What is being asked :: Which of the lines below hold the word "Satin"? Pull each of them out.

Excerpted data ::
>>>>
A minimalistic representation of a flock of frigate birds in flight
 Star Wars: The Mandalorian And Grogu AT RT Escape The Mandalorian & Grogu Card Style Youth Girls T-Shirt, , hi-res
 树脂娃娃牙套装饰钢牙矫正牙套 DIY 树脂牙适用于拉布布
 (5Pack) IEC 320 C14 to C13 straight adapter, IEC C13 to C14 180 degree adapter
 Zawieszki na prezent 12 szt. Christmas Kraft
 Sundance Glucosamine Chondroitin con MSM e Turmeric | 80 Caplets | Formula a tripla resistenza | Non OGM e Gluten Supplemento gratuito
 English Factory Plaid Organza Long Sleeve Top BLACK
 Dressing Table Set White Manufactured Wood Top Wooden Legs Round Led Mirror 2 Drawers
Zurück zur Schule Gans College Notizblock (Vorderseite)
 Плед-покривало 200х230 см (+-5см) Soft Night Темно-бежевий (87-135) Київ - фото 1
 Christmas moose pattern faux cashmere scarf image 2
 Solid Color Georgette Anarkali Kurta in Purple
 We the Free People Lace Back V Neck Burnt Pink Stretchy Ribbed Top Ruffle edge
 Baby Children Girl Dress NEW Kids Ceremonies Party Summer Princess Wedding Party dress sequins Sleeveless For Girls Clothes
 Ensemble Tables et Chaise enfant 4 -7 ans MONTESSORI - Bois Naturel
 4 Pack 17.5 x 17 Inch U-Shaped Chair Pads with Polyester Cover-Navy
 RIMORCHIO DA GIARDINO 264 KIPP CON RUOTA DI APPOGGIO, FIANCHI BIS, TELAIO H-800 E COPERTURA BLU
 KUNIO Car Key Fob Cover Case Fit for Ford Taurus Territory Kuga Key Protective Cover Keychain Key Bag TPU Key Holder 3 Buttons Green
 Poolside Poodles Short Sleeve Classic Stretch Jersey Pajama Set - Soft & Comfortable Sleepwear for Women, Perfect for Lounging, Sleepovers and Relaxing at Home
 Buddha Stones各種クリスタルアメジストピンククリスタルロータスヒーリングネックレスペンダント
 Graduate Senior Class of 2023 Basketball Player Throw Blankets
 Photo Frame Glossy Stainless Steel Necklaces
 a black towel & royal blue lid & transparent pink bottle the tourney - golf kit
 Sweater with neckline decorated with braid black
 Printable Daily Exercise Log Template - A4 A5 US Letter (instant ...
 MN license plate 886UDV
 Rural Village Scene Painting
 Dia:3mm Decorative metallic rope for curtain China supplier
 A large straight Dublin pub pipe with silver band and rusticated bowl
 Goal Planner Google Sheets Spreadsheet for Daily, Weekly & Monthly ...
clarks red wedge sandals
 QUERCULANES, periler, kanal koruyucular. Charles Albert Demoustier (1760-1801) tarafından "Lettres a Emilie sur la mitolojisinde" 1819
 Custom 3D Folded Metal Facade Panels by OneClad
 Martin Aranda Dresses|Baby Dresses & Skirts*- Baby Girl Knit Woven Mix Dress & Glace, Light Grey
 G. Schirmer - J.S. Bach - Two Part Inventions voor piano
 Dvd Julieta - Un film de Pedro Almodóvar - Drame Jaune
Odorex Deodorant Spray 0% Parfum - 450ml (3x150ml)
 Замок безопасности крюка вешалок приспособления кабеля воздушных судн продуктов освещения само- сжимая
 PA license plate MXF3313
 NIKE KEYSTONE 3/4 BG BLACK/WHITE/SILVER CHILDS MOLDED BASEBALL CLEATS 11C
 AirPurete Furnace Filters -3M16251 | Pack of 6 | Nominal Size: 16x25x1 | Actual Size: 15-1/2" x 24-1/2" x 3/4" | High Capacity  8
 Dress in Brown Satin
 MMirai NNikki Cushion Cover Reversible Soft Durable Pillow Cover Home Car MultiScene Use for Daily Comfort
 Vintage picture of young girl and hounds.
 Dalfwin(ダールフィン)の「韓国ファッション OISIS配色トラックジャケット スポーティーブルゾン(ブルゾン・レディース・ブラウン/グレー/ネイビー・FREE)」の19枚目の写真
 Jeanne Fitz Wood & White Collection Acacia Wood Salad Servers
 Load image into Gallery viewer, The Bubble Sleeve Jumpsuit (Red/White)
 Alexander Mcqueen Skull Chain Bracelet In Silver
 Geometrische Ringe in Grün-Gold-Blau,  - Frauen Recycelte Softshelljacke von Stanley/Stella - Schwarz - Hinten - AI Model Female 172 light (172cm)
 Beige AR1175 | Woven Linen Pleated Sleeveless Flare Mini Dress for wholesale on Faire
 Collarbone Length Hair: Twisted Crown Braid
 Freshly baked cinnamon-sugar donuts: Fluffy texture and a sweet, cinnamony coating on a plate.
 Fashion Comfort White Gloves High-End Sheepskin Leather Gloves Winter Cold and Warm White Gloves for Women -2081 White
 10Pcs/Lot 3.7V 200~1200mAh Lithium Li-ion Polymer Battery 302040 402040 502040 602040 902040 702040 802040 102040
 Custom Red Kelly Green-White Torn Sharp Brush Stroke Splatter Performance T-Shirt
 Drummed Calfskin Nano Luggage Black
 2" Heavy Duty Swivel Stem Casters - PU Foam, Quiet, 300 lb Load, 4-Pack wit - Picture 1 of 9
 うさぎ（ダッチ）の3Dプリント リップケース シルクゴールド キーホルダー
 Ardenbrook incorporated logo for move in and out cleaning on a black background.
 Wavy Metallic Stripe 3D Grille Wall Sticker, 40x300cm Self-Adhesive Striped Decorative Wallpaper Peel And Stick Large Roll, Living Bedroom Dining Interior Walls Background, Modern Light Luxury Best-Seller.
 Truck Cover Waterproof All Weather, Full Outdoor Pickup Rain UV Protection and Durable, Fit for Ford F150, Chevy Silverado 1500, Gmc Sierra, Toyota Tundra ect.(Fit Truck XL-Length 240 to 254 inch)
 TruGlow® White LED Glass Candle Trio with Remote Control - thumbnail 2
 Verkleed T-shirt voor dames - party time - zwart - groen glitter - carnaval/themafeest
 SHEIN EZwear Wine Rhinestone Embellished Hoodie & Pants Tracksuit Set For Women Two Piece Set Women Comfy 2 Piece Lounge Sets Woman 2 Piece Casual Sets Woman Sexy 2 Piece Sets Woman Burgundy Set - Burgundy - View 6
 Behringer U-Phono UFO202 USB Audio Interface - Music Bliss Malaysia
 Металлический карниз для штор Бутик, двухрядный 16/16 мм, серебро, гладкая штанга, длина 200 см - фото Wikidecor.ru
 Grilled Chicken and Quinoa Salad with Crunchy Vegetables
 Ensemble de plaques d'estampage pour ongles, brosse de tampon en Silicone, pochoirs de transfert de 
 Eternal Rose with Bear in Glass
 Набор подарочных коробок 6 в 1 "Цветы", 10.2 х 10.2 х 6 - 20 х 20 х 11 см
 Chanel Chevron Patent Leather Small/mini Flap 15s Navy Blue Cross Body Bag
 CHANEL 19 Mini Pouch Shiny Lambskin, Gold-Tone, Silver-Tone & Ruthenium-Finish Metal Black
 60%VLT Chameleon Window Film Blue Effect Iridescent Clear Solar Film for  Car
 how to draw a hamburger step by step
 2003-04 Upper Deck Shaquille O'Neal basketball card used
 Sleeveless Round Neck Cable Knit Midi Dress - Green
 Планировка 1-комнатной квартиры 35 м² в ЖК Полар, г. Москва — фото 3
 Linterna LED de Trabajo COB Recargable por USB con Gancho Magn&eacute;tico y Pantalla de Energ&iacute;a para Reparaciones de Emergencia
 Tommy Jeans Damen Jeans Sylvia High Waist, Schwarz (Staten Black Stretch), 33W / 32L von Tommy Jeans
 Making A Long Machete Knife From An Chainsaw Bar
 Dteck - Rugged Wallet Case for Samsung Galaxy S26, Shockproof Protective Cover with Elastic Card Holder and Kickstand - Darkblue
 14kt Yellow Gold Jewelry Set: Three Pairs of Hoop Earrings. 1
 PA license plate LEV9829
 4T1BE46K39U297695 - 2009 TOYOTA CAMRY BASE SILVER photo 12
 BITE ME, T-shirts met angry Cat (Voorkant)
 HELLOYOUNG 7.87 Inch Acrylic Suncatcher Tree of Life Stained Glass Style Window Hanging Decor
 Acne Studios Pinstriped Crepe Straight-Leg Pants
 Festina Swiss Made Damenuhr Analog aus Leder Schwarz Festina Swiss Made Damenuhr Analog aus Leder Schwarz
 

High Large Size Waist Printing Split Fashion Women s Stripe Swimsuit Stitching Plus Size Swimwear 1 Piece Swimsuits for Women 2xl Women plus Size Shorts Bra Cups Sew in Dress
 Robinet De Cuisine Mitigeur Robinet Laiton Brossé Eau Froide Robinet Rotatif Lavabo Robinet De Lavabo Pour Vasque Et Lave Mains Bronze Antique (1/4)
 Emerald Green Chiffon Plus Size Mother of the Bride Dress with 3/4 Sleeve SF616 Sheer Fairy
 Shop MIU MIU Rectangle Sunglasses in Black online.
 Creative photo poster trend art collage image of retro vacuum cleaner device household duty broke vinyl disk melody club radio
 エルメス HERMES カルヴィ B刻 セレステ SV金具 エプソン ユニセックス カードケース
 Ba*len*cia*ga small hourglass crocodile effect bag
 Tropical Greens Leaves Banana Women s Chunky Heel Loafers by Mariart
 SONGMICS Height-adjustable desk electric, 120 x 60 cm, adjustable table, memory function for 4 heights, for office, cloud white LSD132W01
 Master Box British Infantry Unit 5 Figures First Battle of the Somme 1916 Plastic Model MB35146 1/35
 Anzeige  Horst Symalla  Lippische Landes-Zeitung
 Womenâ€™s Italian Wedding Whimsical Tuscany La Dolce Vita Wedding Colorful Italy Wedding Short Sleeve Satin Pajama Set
<<<<
Task answer ::
 Dress in Brown Satin
 Womenâ€™s Italian Wedding Whimsical Tuscany La Dolce Vita Wedding Colorful Italy Wedding Short Sleeve Satin Pajama Set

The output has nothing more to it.